Jamie Ross of Courthouse News had some coverage today of the proposal by Peoria, Arizona police to require that citizens be fingerprinted at pharmacies for certain prescriptions. I had blogged about their proposal last month as being a serious privacy invasion of the majority to prevent abuse of certain medications by the minority. The law would also require family members picking up prescriptions for a patient to be fingerprinted. Today, Ross reports:
The Peoria Police Department asked the City Council to enact a law requiring pharmacists to take customers’ fingerprints before filling prescriptions. Police in this Phoenix suburb of 163,000 say such a law would help prevent forged prescriptions for Oxycontin and other narcotics.
At a City Council study session on Dec. 7, 2010, Peoria’s Police Department suggested the city implement a new drug code to help deter forged prescriptions for OxyContin and other schedule I and schedule II drugs. Police said the city had been “inundated” with fraudulent prescriptions.
ACLU of Arizona Legal Director Daniel Pochoda commented that the proposal, “ignores the rights and well-being of patients and the responsibilities of medical providers and pharmacists.”
The ACLU said it is concerned because the proposed law is not limited to people suspected of fraud, and most people who will be fingerprinted will not be subjects of a criminal prosecution.
Precisely. And after Peoria gets done treating people like criminals by fingerprinting them, what happens to the fingerprints of Aunt Suzie who just stopped in to pick up her sick nephew’s prescription? Will her fingerprints be retained, and if so, for how long? And will they be run against criminal databases and other databases?
No, I don’t like this proposal at all, as is.
Are pharmacies not connected to doctors electronically? Here in Australia alarm bells would go off if the doctor’s computer generated prescription didn’t have a matching record in the Medicare computer when the pharmacist filled the prescription.
Things like pseudoephedrine generally require some photo ID and the pharmacies keep track of how many people have been sold to prevent home-bake buyups.
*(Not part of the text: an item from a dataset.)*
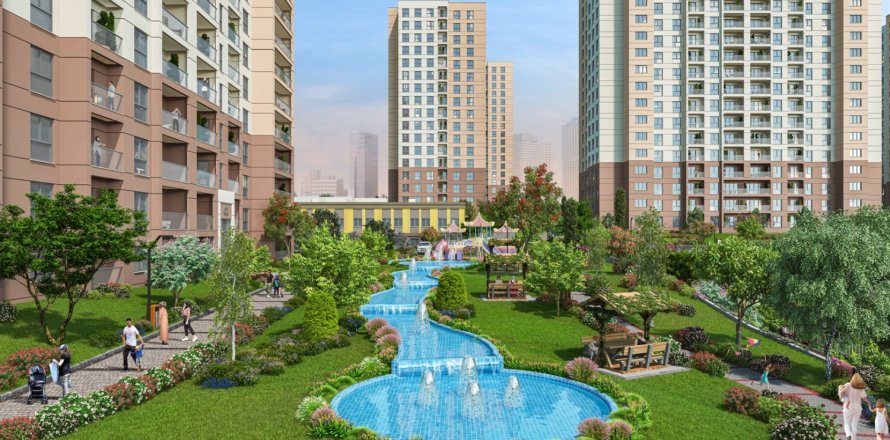 Квартира с 4 спальнями в Стамбул, Турция №114604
Perhaps this works because most drugs are subsidised by the government and as a funding agency they can coordinate doctors and pharmacists?
The system is different here, Dave. Doctors can call in some prescriptions while for other prescriptions (controlled substances), patients have to a paper in hand that is signed by the doctor to hand to the pharmacist. Not every patient here is on Medicare, either. So if a patient with private health insurance walks in with a ‘script for medicine, the pharmacist would enter it with the insurance co’s code and the patients’ Rx insurance policy number to get authorization from the insurance company so that they get paid. But the insurance co. wouldn’t know if the ‘script was forged on a real doctor’s prescription pad with a real DEA number, etc.
Pseudoephedrine is one of the over-the-counter (no prescription required) substances that law enforcement wants to monitor and a lot of states have passed laws to do so. Congress even considered passing a bill that would make pseudoephedrine prescription-only. Right now, it doesn’t require a prescription.
But this Peoria situation is about substances that already do require a prescription and it would impose a surveillance system on people that goes far beyond just providing photo ID to pick up your medication.